* [INPUT]:
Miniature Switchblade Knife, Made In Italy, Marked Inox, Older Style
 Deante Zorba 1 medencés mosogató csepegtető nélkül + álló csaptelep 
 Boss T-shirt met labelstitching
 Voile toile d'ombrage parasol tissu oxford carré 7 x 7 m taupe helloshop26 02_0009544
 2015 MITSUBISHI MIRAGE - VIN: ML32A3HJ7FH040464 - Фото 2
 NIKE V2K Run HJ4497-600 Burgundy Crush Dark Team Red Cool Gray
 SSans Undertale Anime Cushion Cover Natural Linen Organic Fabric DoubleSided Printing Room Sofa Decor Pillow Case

* [PROBLEM]: Copy out, exactly as written, the line that contains "Deante Zorba 1" along with every line that comes after it in the material above, and nothing else.

* [TASK RESULT]:
 Deante Zorba 1 medencés mosogató csepegtető nélkül + álló csaptelep 
 Boss T-shirt met labelstitching
 Voile toile d'ombrage parasol tissu oxford carré 7 x 7 m taupe helloshop26 02_0009544
 2015 MITSUBISHI MIRAGE - VIN: ML32A3HJ7FH040464 - Фото 2
 NIKE V2K Run HJ4497-600 Burgundy Crush Dark Team Red Cool Gray
 SSans Undertale Anime Cushion Cover Natural Linen Organic Fabric DoubleSided Printing Room Sofa Decor Pillow Case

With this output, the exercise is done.